March 14, 2020
The Washington Post is again pushing crap about how we had to bail out the banks to prevent a second Great Depression and that we made a profit on it. And, it is attacking Bernie Sanders for not accepting this nonsense.
So let’s go through the story for the 74,567th time. Suppose we let the market work its magic on Goldman Sachs, Citigroup and the rest. All the Wall Street behemoths would have gone bankrupt. We would have instantly downsized our grossly bloated financial sector, eliminating a huge amount of waste in the economy (an efficient financial sector is a small financial sector). We also would have seen some of the richest people in the country lose their fortune due to own greed and incompetence.

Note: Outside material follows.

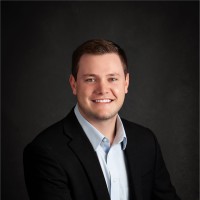 Innerspace Employee Grant Lewis's profile photo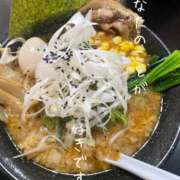 ヒメ日記 2026/05/25 10:23 投稿 ※店長※　大空　夢 AVANT GARDE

As far as the second Great Depression story — yes, that is the mantra for the big money people — but try getting any of them to explain how that works out. We know the secret of getting out of a depression, it’s called “spending money.” The massive spending associated with World War II lifted us out of the first Great Depression in 1941, but if we had the political will, we could have had massive spending on things like housing and health care in 1931 and we never would have had the first Great Depression.
To be clear, the initial downturn would have been worse, as it would take time to prepare an adequate response, but we’re talking months, not a decade. The second Great Depression is a sleazy myth pushed by Wall Street and it allies to justify saving their hides.
The we made a profit story is almost as misleading. We gave a huge amount of low interest loans to the Wall Street banks and coupled that with the “no more Lehman” guarantee, meaning that we would not allow them to fail no matter how badly they messed up. (This is in Timothy Geithner’s autobiography, he is apparently very proud of it.) Under these circumstances, it was pretty much inconceivable we would not get the money lent back. We allowed the big banks to profit at the expense of everyone else.
To understand the logic, suppose the government lent $400 billion to Dean Baker’s lemonade stand at very low interest rates, and also told the financial markets that my lemonade stand would not be allowed to fail. After two or three of years of having access to very low cost money in the middle of a financial crisis, I would have gotten very rich off my lemonade stand. (If I put my money in the stock market, I could made $200 billion.)
Anyhow, Sanders is 100 percent right on the bank bailout in 2008. It would be good if the Washington Post editorial page would stop lying about it.